● **Given material**:
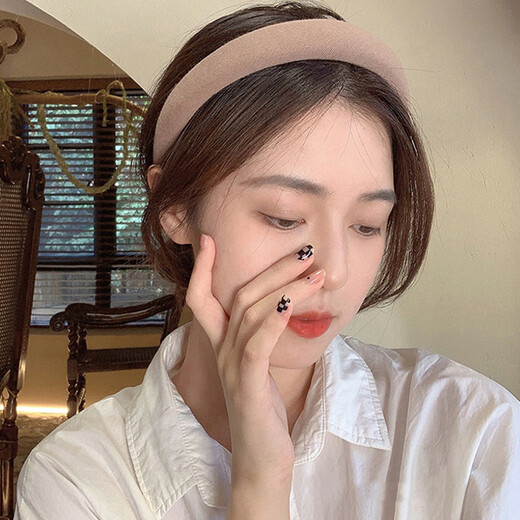 Jieweiyi high skull wide-brimmed sponge hairband women's French broken hair organizer face wash pressure hairband hairpin red headdress BHFG#29 dark coffee color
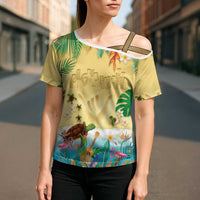 Hawaiian Alohawaii Cross Shoulder Shirt Tropical Plants and Animals on The Beach LT03 - Polynesian Pride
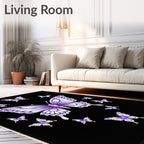 Purple Butterfly Collage Black Background Rug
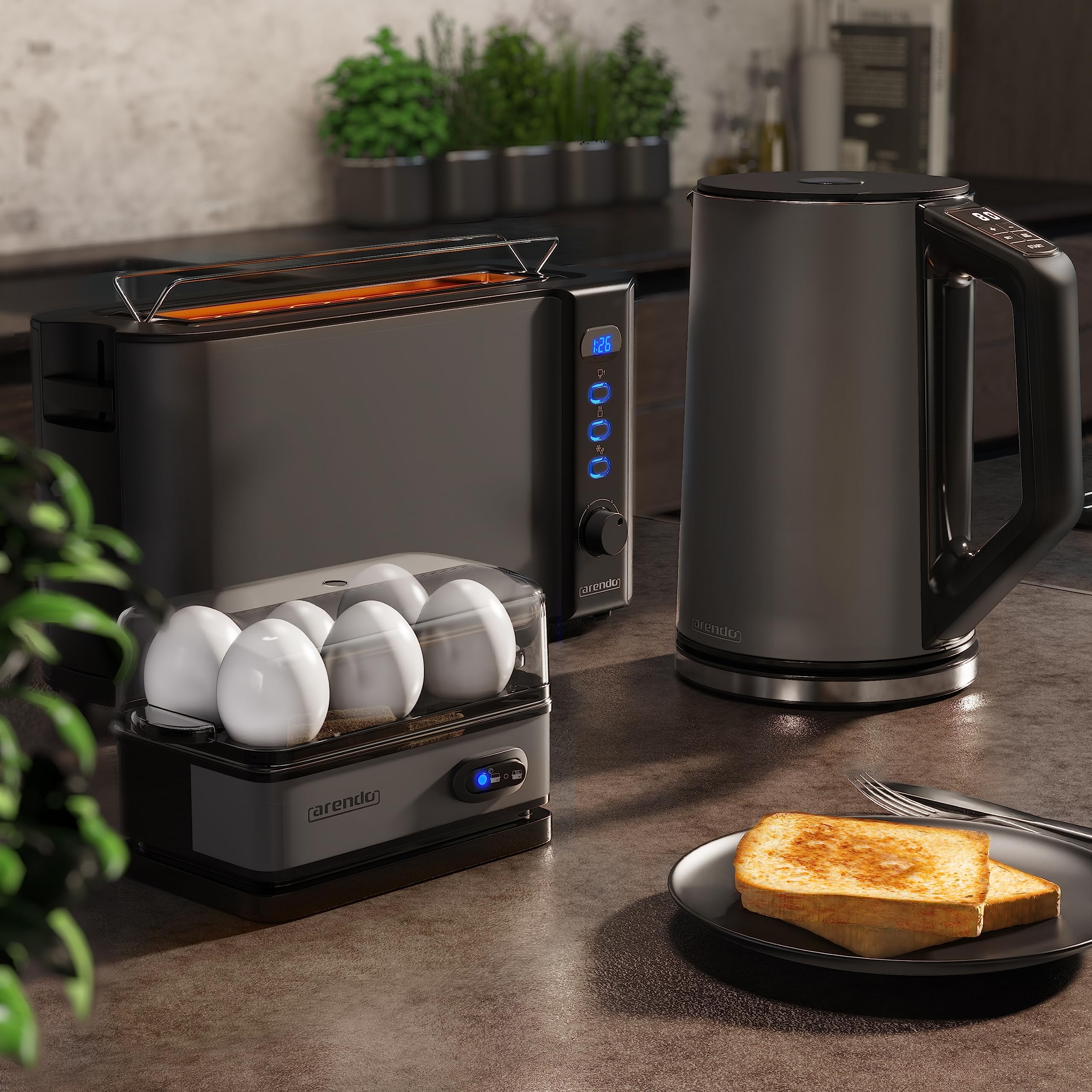 Arendo Wasserkocher Toaster Set 2200W 1,5L 1000W Langschlitz Toaster Eierkocher 1-6 Eier BPA frei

● **What is needed**:
Everything from the line with "Purple Butterfly Collage" through the last line of the listing above is to be copied exactly, both ends included, except the pictures.

● **The completed task**:
 Purple Butterfly Collage Black Background Rug
 Arendo Wasserkocher Toaster Set 2200W 1,5L 1000W Langschlitz Toaster Eierkocher 1-6 Eier BPA frei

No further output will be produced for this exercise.